#### EXERCISE DIRECTIONS:
What you write should match, word for word, the lines from the one containing "EcoFonts a la Trobada d’Estudis del Montseny" through the end of the data, with no pictures.

[Extracted records]

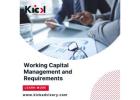 Working Capital Management and Requirements in Mauritius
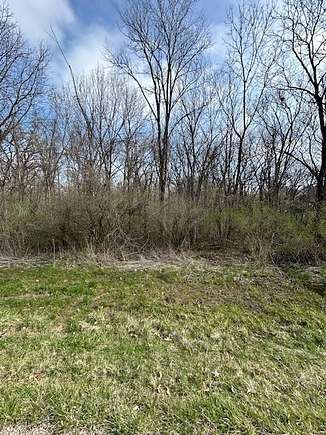 Residential Land for Sale in Putnam, Illinois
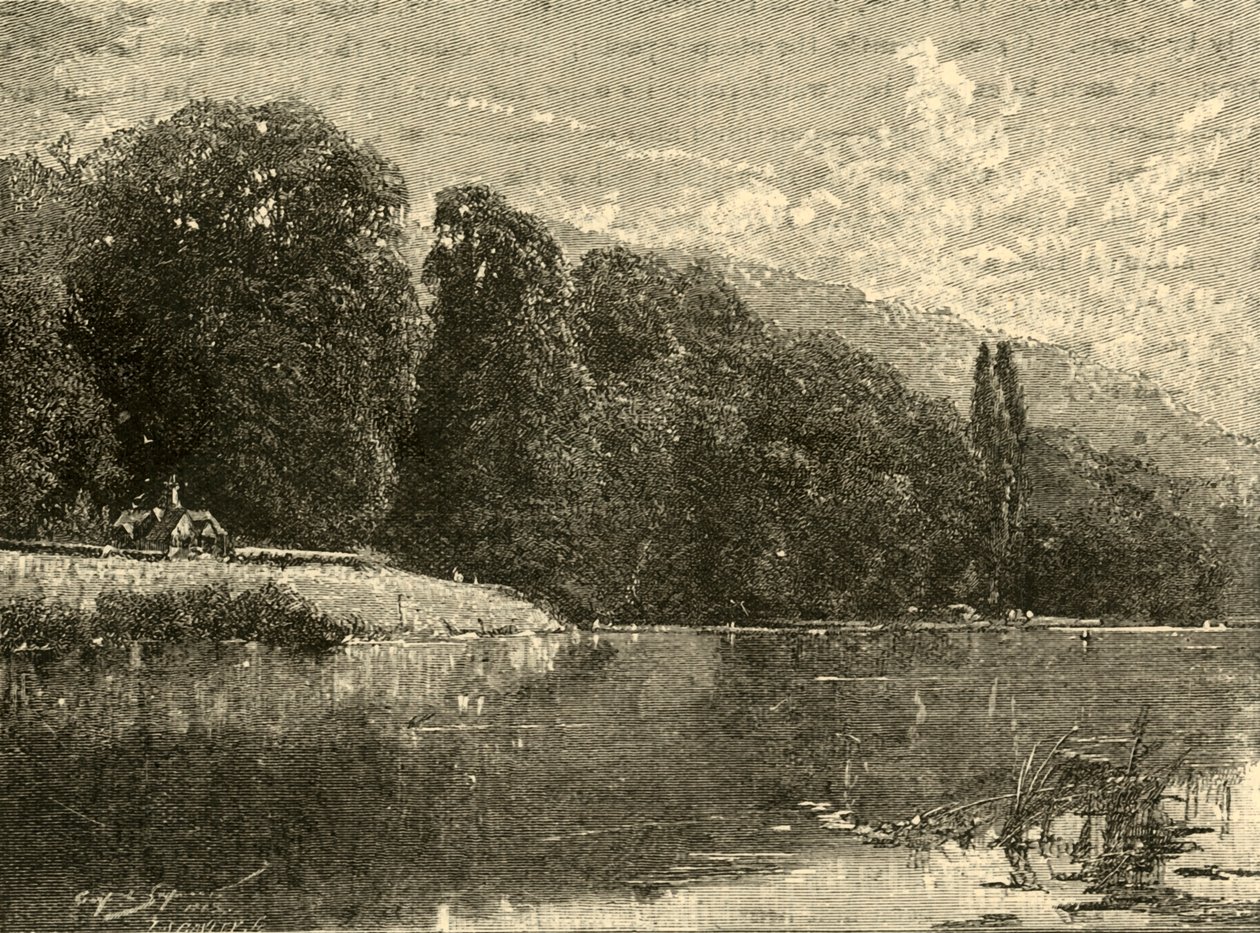 Cliefden Woods, 1898. alkotó: Unbekannt
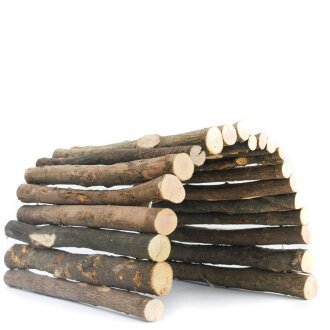 gr&uuml;nhopper Holztunnel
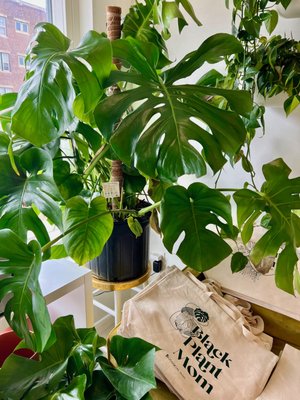 The Botanical Bar by null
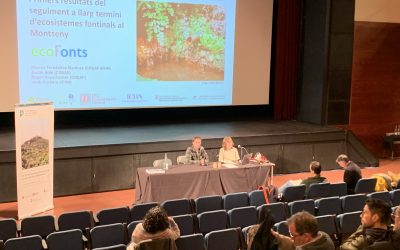EcoFonts a la Trobada d’Estudis del Montseny
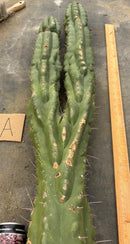 #EC169 EXACT Trichocereus Pachanoi Monstrose TPM Cactus TLC Cuttings A-J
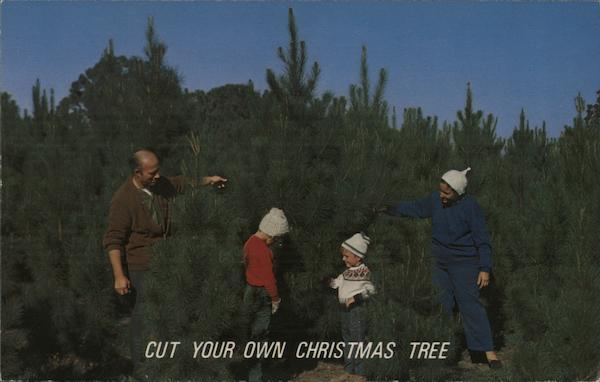 Volkman Family Ranch - Cut your own Christmas Tree Livermore California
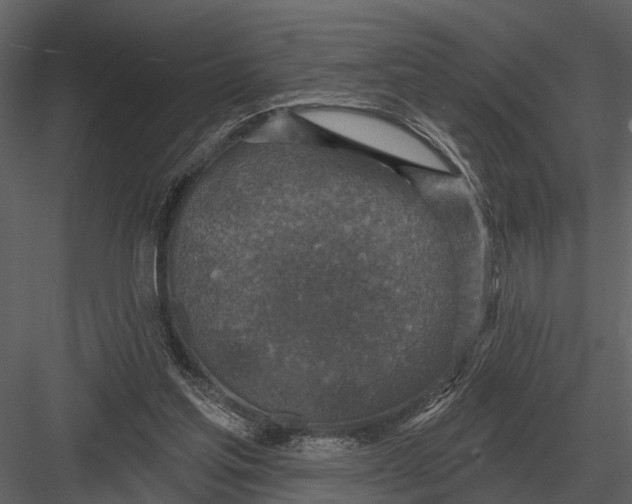 X0000082930205200702222228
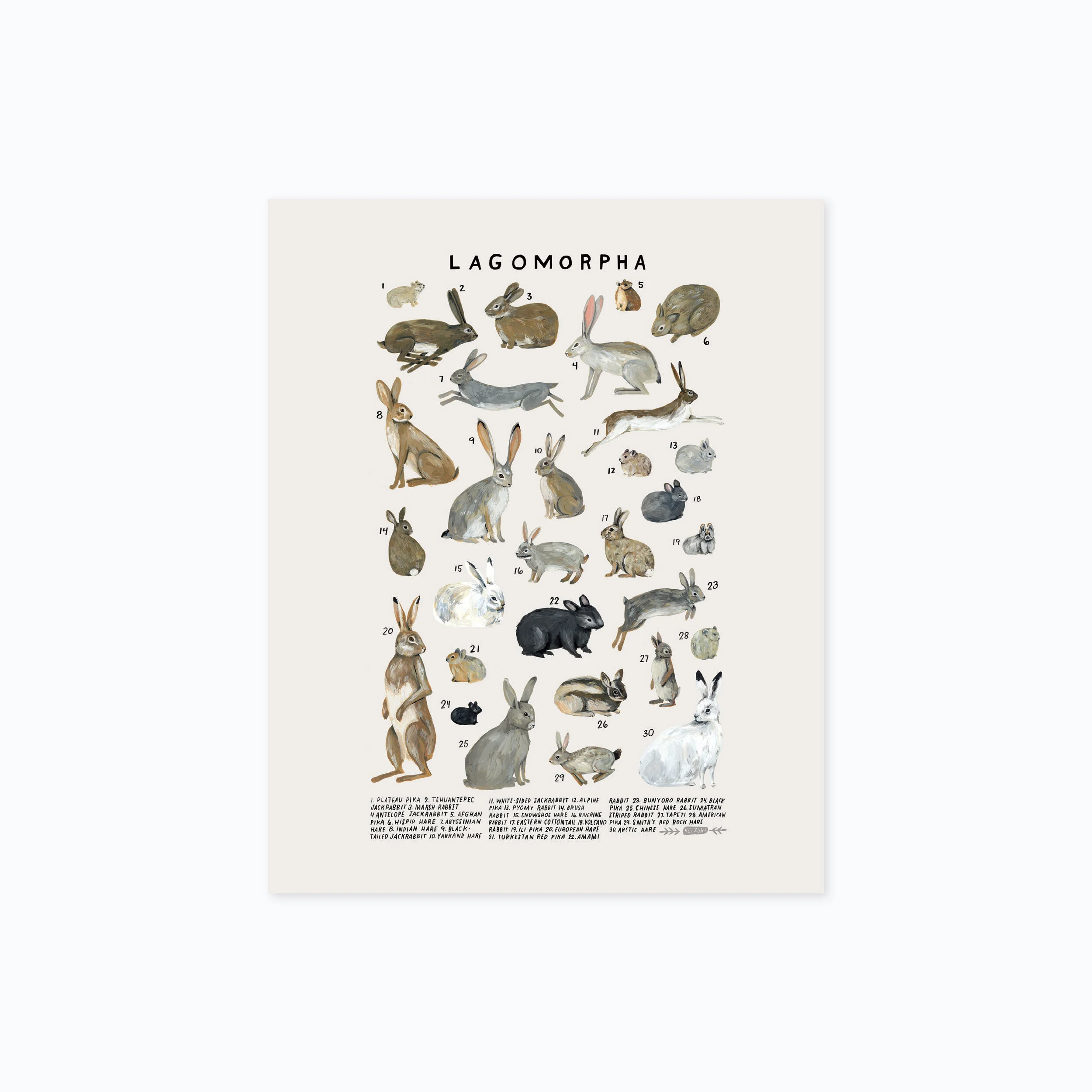 lagomorpha 810 product photo.jpg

#### COMPLETED EXERCISE:
EcoFonts a la Trobada d’Estudis del Montseny
 #EC169 EXACT Trichocereus Pachanoi Monstrose TPM Cactus TLC Cuttings A-J
 Volkman Family Ranch - Cut your own Christmas Tree Livermore California
 X0000082930205200702222228
 lagomorpha 810 product photo.jpg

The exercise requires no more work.